Still, 6% is better than 2%, which is the percentage of Missouri 4-year-olds who were in state-funded pre-K just one year prior, in 2018. According to NIEER, Missouri added 3,410 preschool seats during the 2018-19 school year. NIEER also praised the state for meeting another quality benchmark – Missouri Preschool Program teachers and assistants all get at least 22 hours of professional development and coaching.
But the state is also moving away from the Missouri Preschool Program. Starting in 2018, school districts and charter schools who had participated in the past could count a small percentage of pre-K attendance under the foundation formula, which is how K-12 education is funded, instead of getting training grants.
Unforeseen and daunting budget constraints caused by the pandemic shutdown leave little optimism for maintaining current spending levels, let alone any future investments in early childhood programs.
“As pre-K programs tend to serve lower and middle-income families, that means that cuts to pre-K like this exacerbate educational inequality,” Barnett said.
The recession sparked by the pandemic will likely send more people into poverty possibly making them eligible for subsidized pre-K programs such as Head Start. At the same time, though, there will be less money available to pay for those programs.
“The coronavirus has crystallized in the minds of more people the absolute divisions between socioeconomic groups and between races,” former Kansas City Mayor Sly James said.
James tried unsuccessfully in his last year in office to pass a tax to expand preschool in the city.
“We are going to continue to have these problems until we make sure that every child has an even start at birth,” he added. “That’s a whole lot more than pre-K, but pre-K is the one thing we have to even try to even it out.”
Though licensed child care is not the same as high-quality early childhood education, it’s often the only affordable or proximate option for working parents in lower-income communities.
Less than half of low-income children in the St. Louis region have easy access to high-quality childcare, according to a recent report from Washington University’s Clark-Fox Policy Institute.
The report, the latest in a series looking at the state of early childhood education in St. Louis, adds to the chorus calling for more investment in the region’s youngest residents as a way to reduce poverty and improve economic outcomes over the long term.
“If we’re going to recover, financially, from this pandemic, access to quality affordable early childhood education is going to be a critical piece,” said Gary Parker, director of the Clark-Fox Institute.
Momentum has been gathering in St. Louis to expand preschool spots, in part through a plan to capitalize on the limited state funding available to fund pre-K for low-income students.
State funding for the pre-K reimbursement was just over $14 million. Missouri Gov. Mike Parson has already reneged on more than $20 million in funding designated for education as he tried to balance a budget sheet amid a sizable drop in tax revenue after the pandemic hit.
Advocates of early childhood ed were also working to convince St. Louis County voters to increase taxes to pay for more children to attend preschool.
WEPOWER, a community organizing nonprofit, released a “playbook” in January for expanding pre-K in St. Louis County. It calls for a half-cent sales tax increase that the group says would raise $84 million a year for early childhood education.
WEPOWER was trying to collect petition signatures to put an ordinance on the ballot.
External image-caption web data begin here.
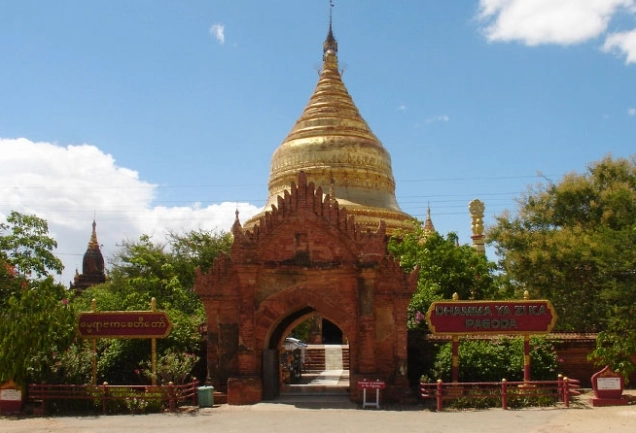 Toàn cảnh bảo tháp uy nghiêm rực rỡ ánh vàng của ngôi cổ tự Dhammayazika tại Bagan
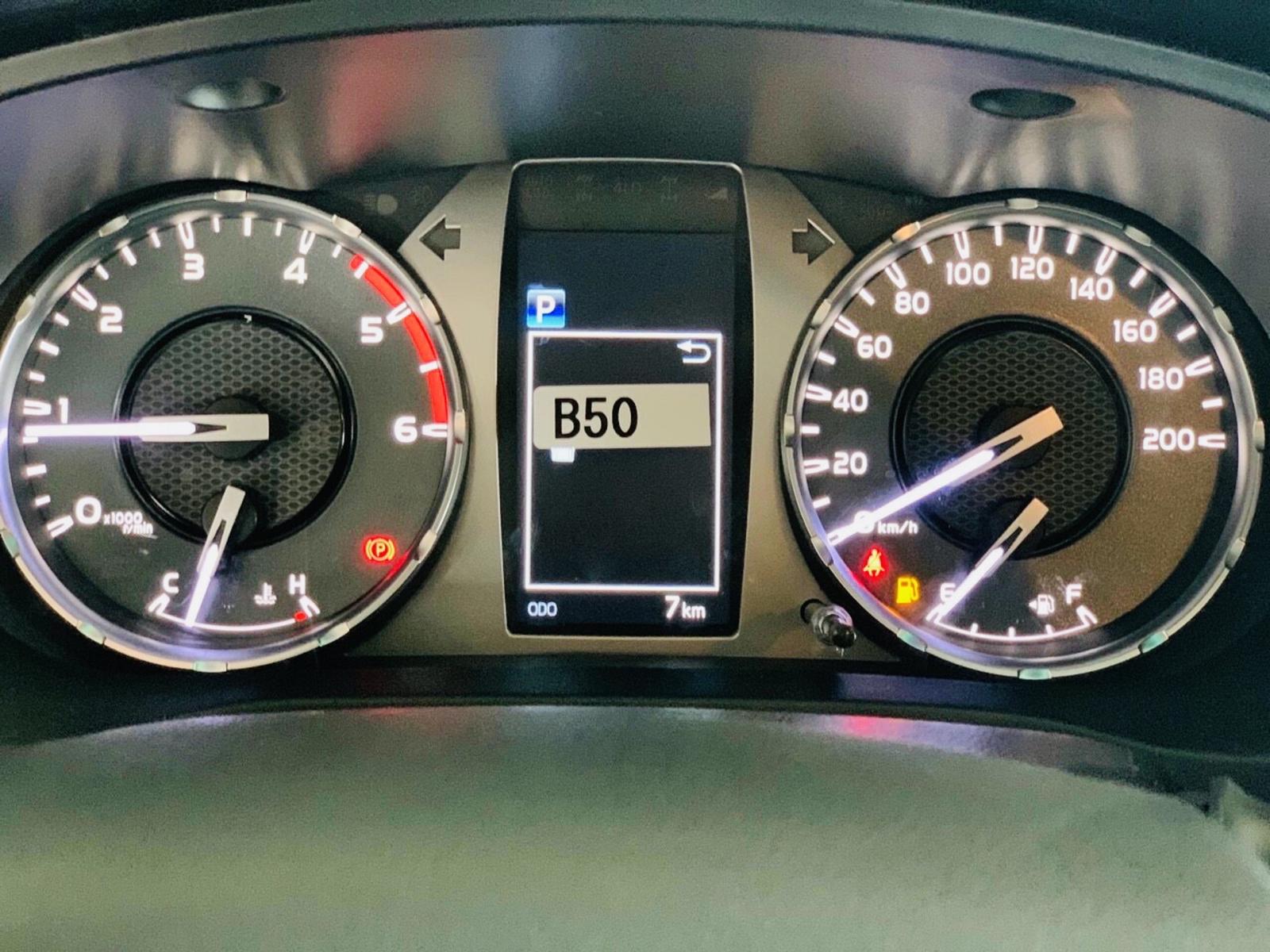 Toyota Hilux 2021 giao ngay giá tốt khuyến mãi hỗ trợ góp-3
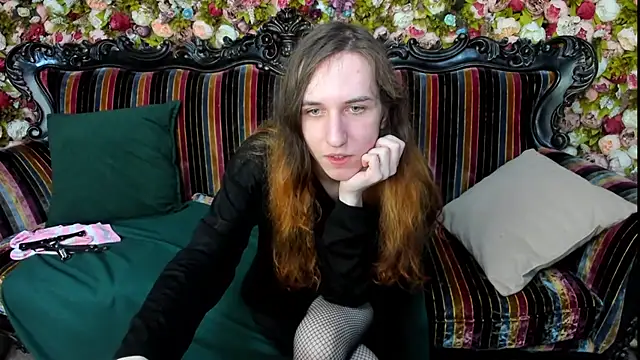 ChrisyBevy online show from 06-25-26, 01:38
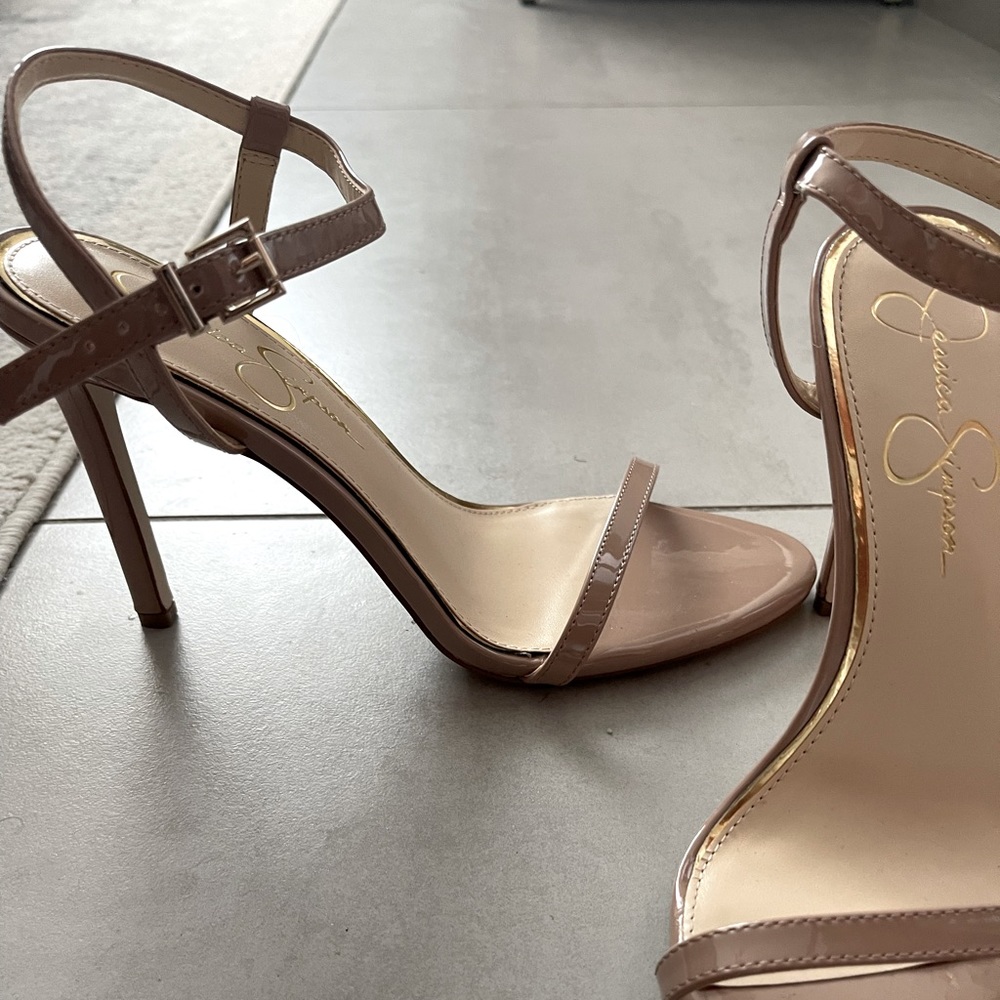 Jessica Simpson heels size 9 new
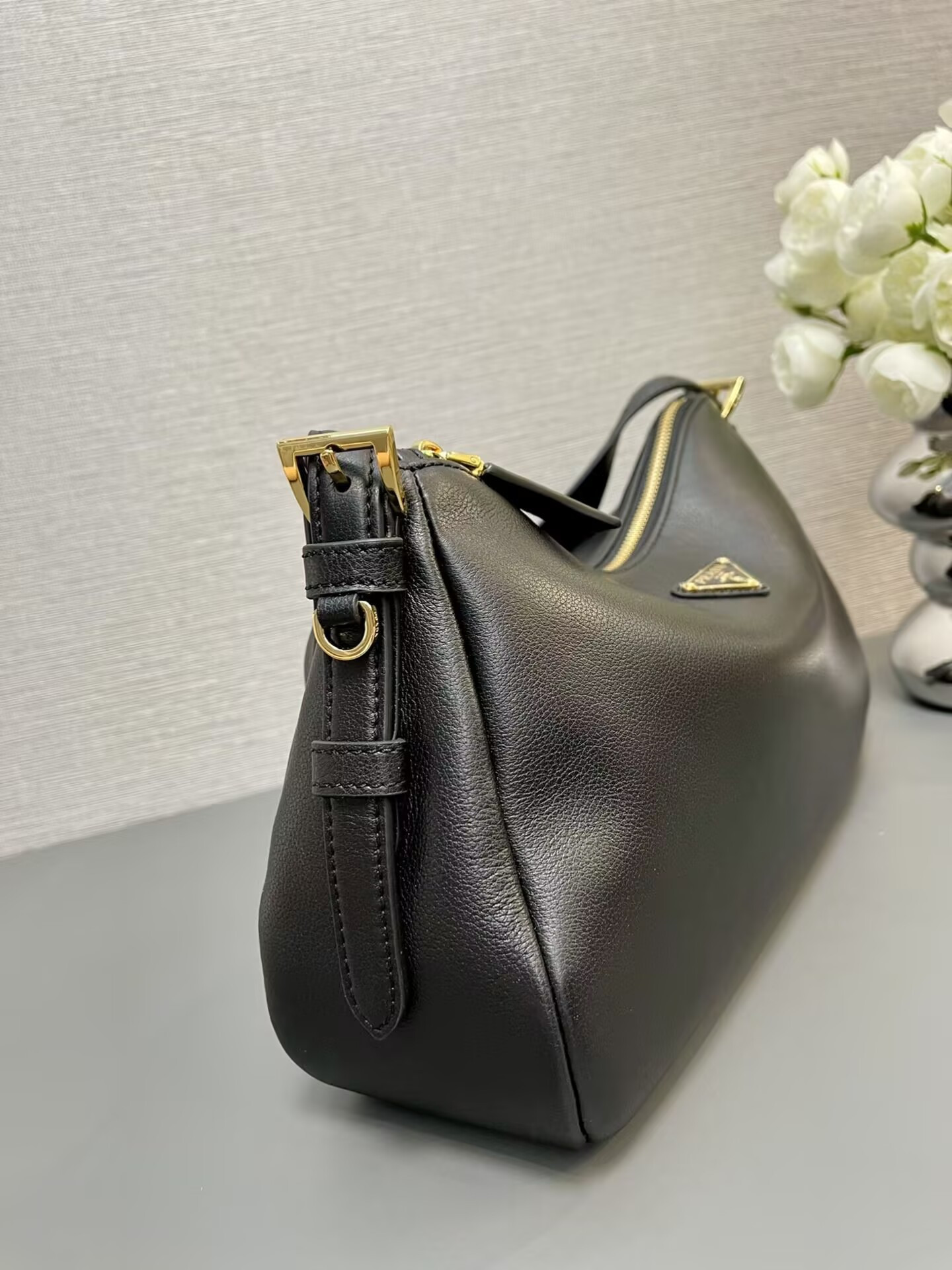 Pra*a Aimée leather shoulder bag 31x18x10cm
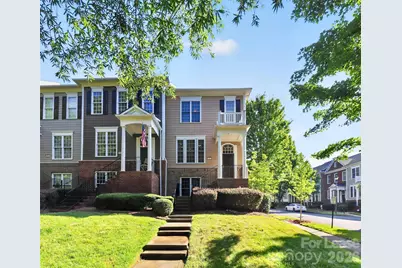 629 Sixth Baxter Crossing, Fort Mill, SC 29708 - Photo 2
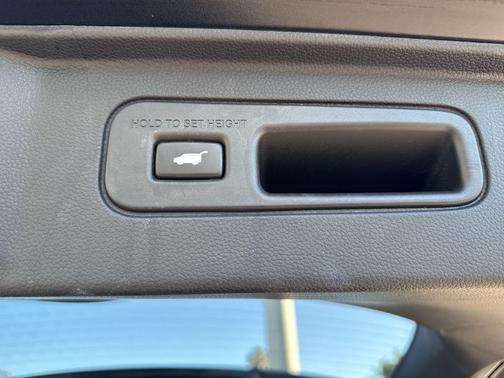 2023 Honda Pilot AWD Elite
That work has largely halted because of social-distancing requirements, putting the effort at risk of coming up short, something that happened to efforts to legalize recreational marijuana this year.
But a tax levy for preschool expansion could be put on the ballot by legislative decree.
“So I wouldn’t say the campaigns are dead in the water,” Parker said, while noting Wash U is not directly part of the lobbying effort, “but they are candidly struggling.”